▸ **TASK ITEM**
The records below must be copied in full; omit the images.
═════ RECORDS FOR THE EXERCISE ═════
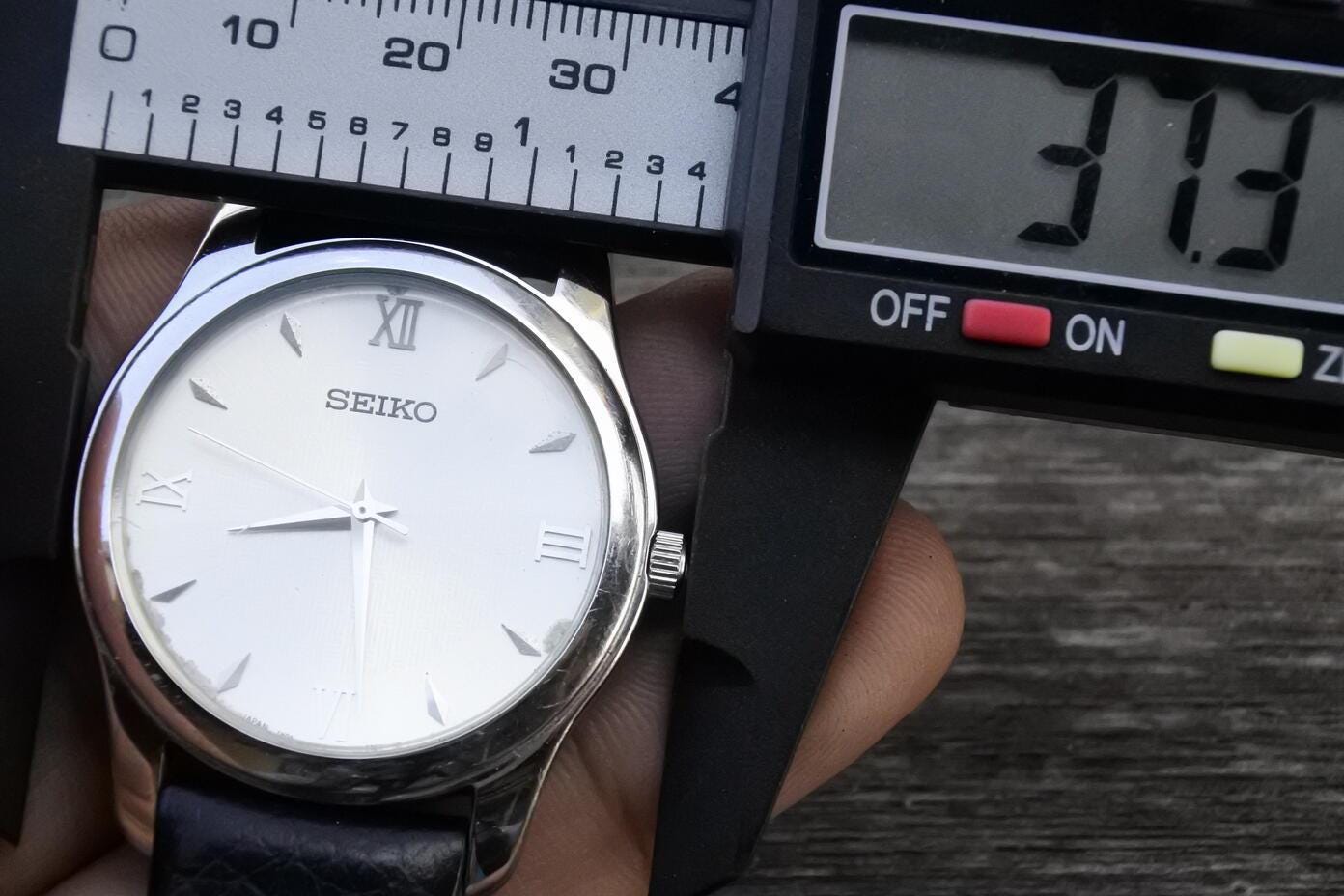 Vintage Seiko 7N01 0DE0 White Dial Men Quartz Watch Japan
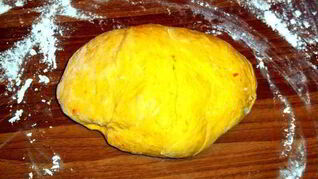 Морковно-шафрановое пельменное тесто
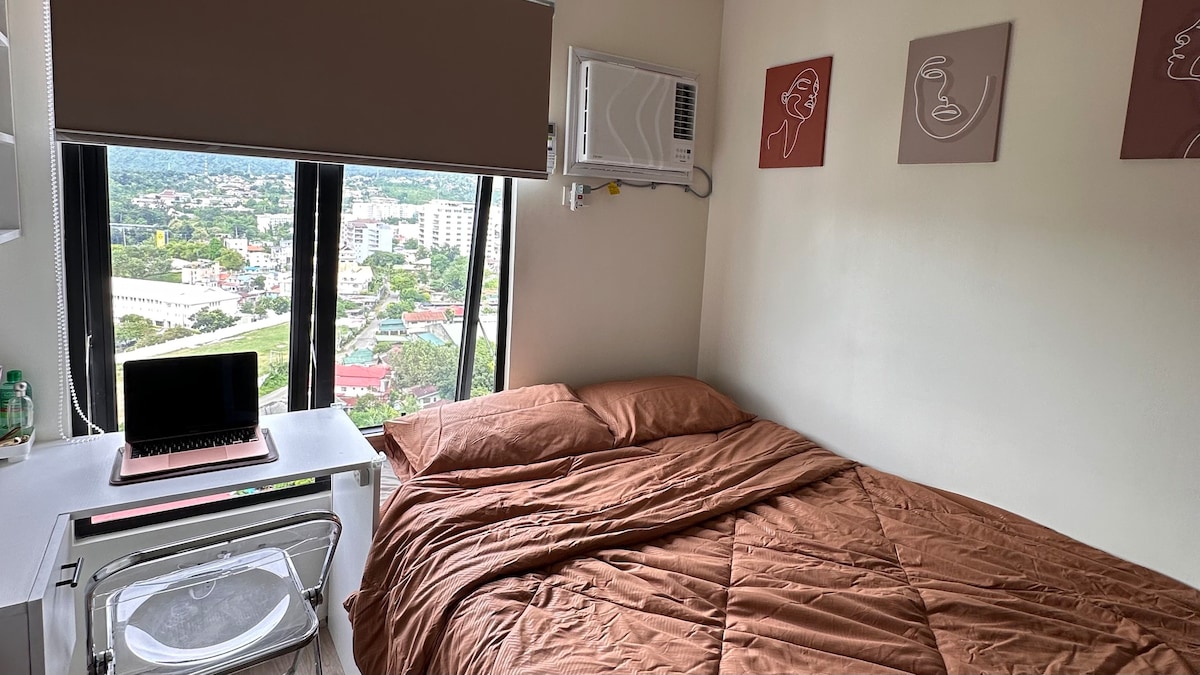 Fully Furnished condo at The Median Lahug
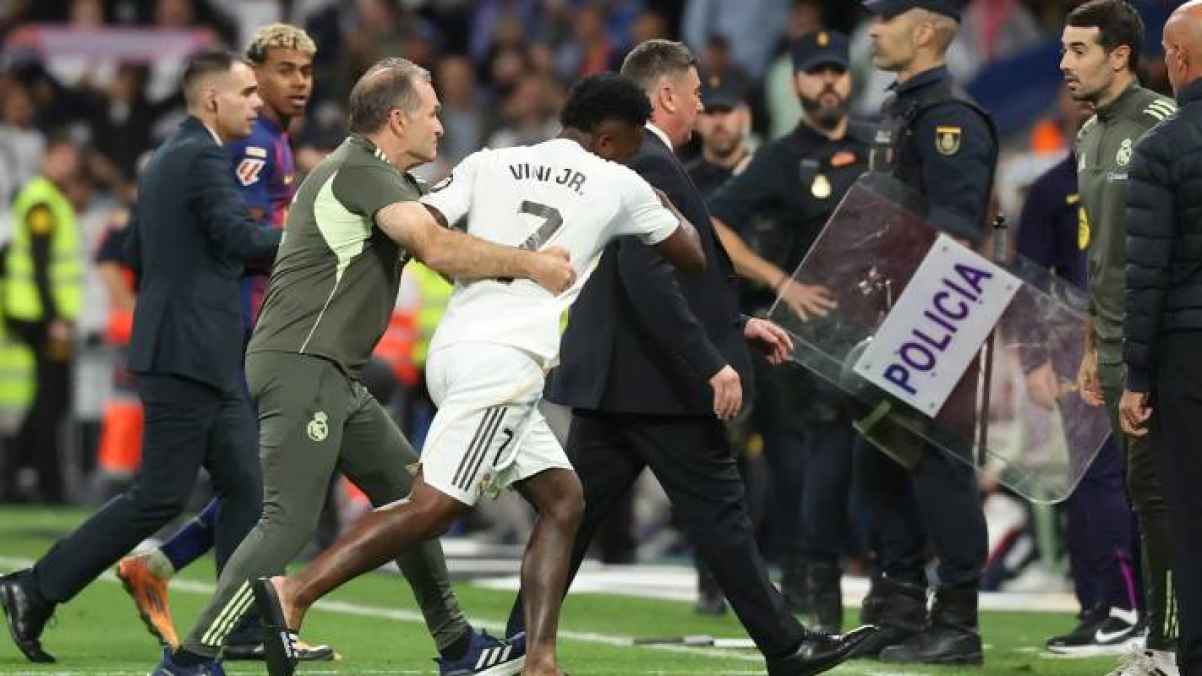 فينيسيوس يتجاهل الونسو ويشعل التكهنات حول بقائه في ريال مدريد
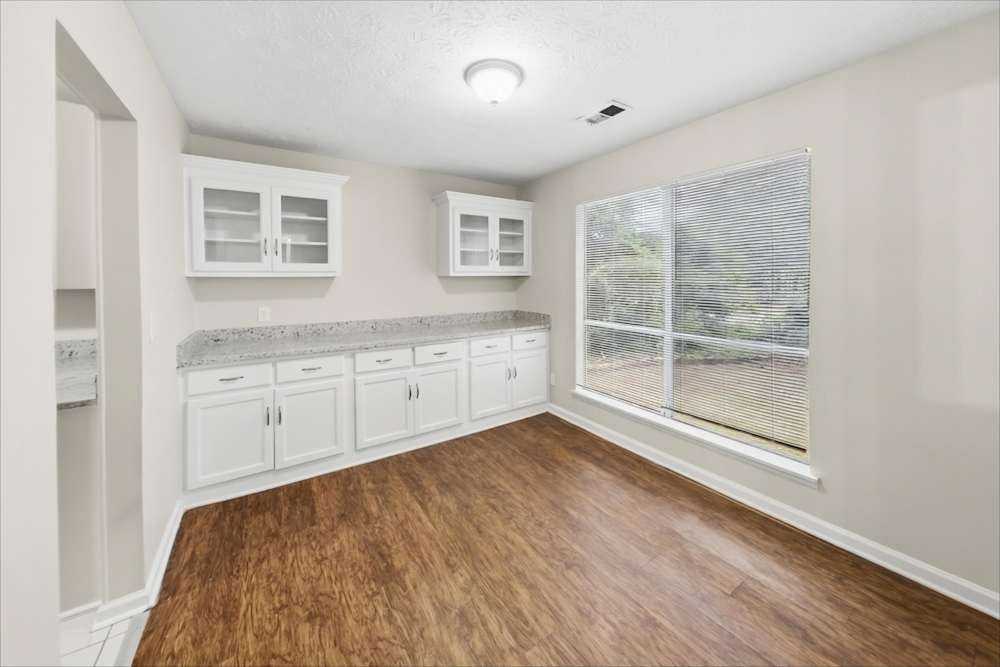 641 Oxford Hall Dr - Photo 4 of 10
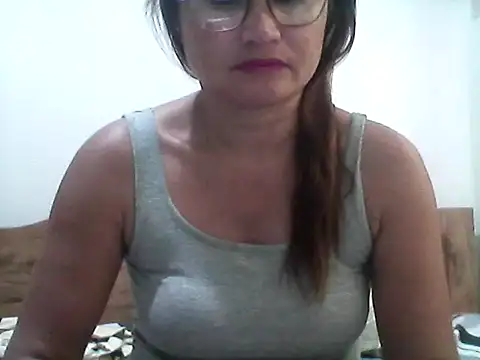 nathalie0045 online show from May 26, 11:25 pm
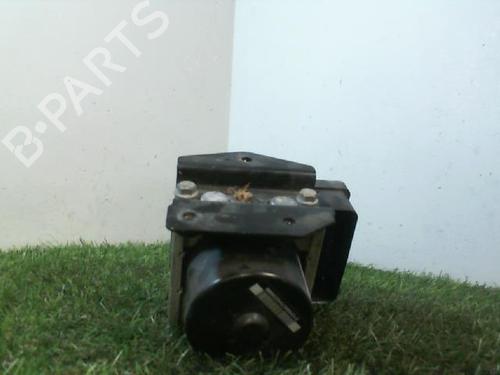 Used ABS pump RENAULT TWINGO II (CN0_) 1.5 dCi (CN0E) (64 hp) 27325276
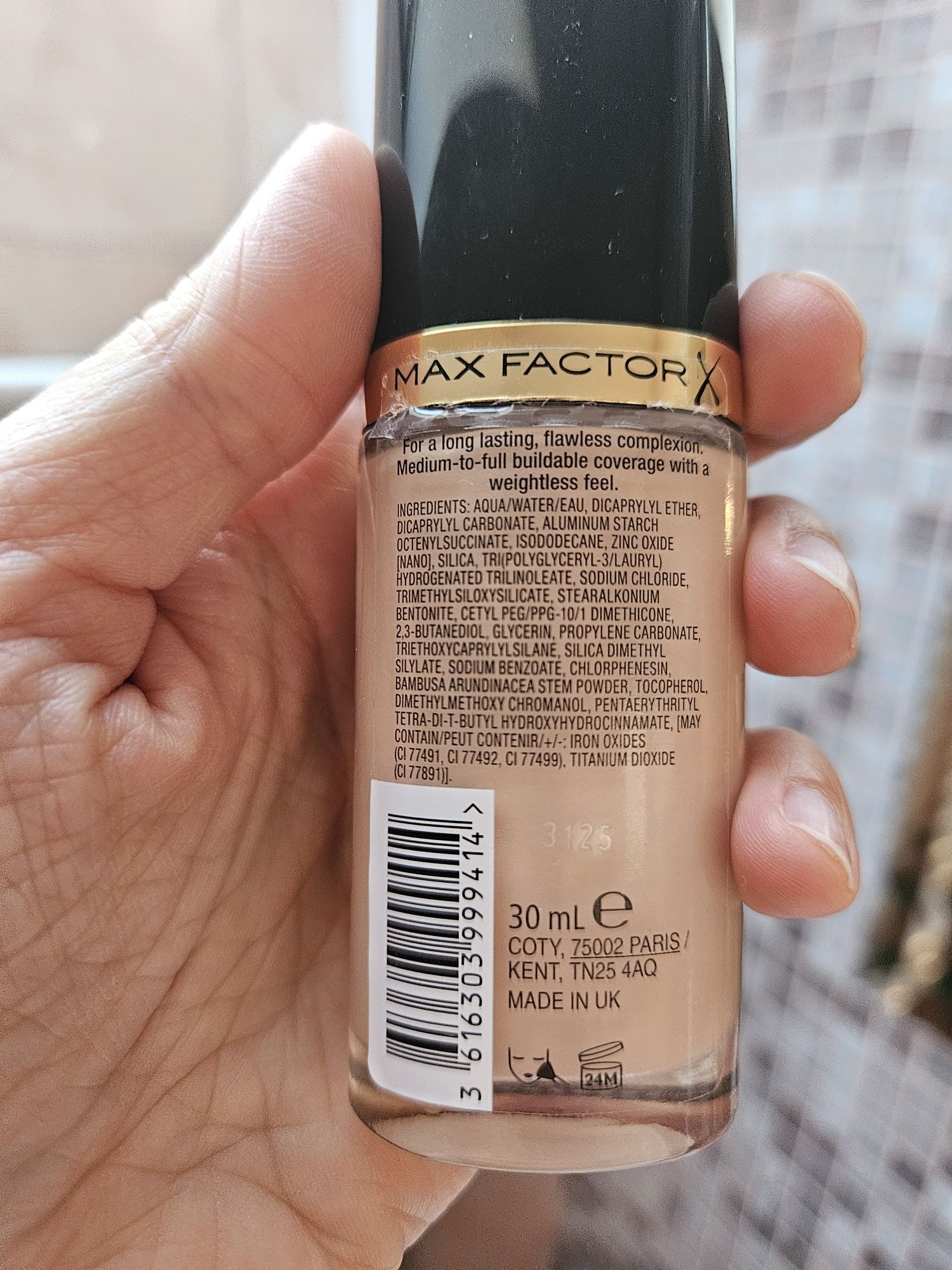 Podkład i korektor Max Factor Facefinity  3in1 odcień N32 i N1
═════
▸ **REPLY**
 Vintage Seiko 7N01 0DE0 White Dial Men Quartz Watch Japan
 Морковно-шафрановое пельменное тесто
 Fully Furnished condo at The Median Lahug
 فينيسيوس يتجاهل الونسو ويشعل التكهنات حول بقائه في ريال مدريد
 641 Oxford Hall Dr - Photo 4 of 10
 nathalie0045 online show from May 26, 11:25 pm
 Used ABS pump RENAULT TWINGO II (CN0_) 1.5 dCi (CN0E) (64 hp) 27325276
 Podkład i korektor Max Factor Facefinity  3in1 odcień N32 i N1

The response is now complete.